第154章

    李铃兰从房间出来,却没有离开,靠在走廊的墙壁上,内心百转千回。

    脑海中走马观花般闪过一些画面:去年年会,在台上讲话时的钟时逸,聚光灯下耀眼夺目;游乐场里,玩旋转木马时的开心击掌;玩碰碰车时放肆的宣泄;给宋景整理公寓时的惬意;H大校园的篮球场,钟时逸打篮球时冲她张扬的笑——

    “其实,是动心了吧?”李铃兰想。

    因为从小到大的成长经历,让她对感情、对婚姻不抱任何希望,甚至带着恐惧。为了脱离原生家庭,她总是在拼命地向前奔跑,自动屏蔽掉那些,在她的认知中,那些肯定会阻碍她前进的道路。

    上一世,被逼无奈,她试着克服恐惧做出尝试,最后落了个凄惨下场。

    这一世,她更不敢赌,她怕好不容易得来的新生,赌输了可怎么办?她输不起。

    兰兰刚到八岁,还有很久时间才能长成大人,治愈进度现在好不容到了60%,还有40%才能完全治愈,在这之前,她不敢掉以轻心。

    对,就是这样。

    李铃兰暗暗下了决心:上一世没有,这一世,她不需要了!

    就像许久之前的那晚,她向方慧茹咆哮,也跟周美玉说的“我是独身主义,我不婚”。

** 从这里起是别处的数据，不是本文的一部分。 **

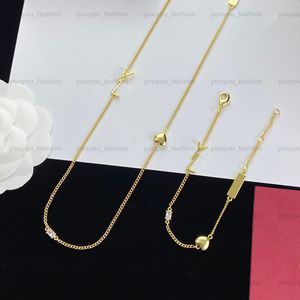 Luxe ketting Liefdesarmband Designer Eenvoudige letterhangers Y-kettingen Gouden kettingen Armbanden Choker-sieraden met doos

    整理好自己的思绪,接着,一个严峻的问题摆在眼前:钟时逸明天会不会记得今晚醉酒后发生的事?说过的话?

    如果他不记得了,倒还好说。

    如果他记得,两人在工作中接触太多,难免不会影响工作,这是李铃兰最不想看到的。

    所以,她打算先向徐特确认好,再做下一步对策。

    *

    房间内,徐特刻意拖延了一会儿。

    钟时逸嘴里呢喃着李知月的名字,心碎无力的样子令人动容,他心疼自家老板,恨不得立马抓回李铃兰质问她为什么?可是,他终究只是个局外人,现在这个状况,他不敢贸然应对。

    安顿好钟时逸,听到玄关传来关门声,徐特才慢悠悠关灯,走出卧室。

    然而,从房间一出来,却看到李铃兰正背靠墙壁而站,看样子必然是在等他。徐特眉心皱了皱,对老板的不平喷涌而出,倒是很想看看李铃兰是什么态度。

    李铃兰已经没有刚才的无措,此时平静淡然,沉默了一会儿,问道:“你,知道?”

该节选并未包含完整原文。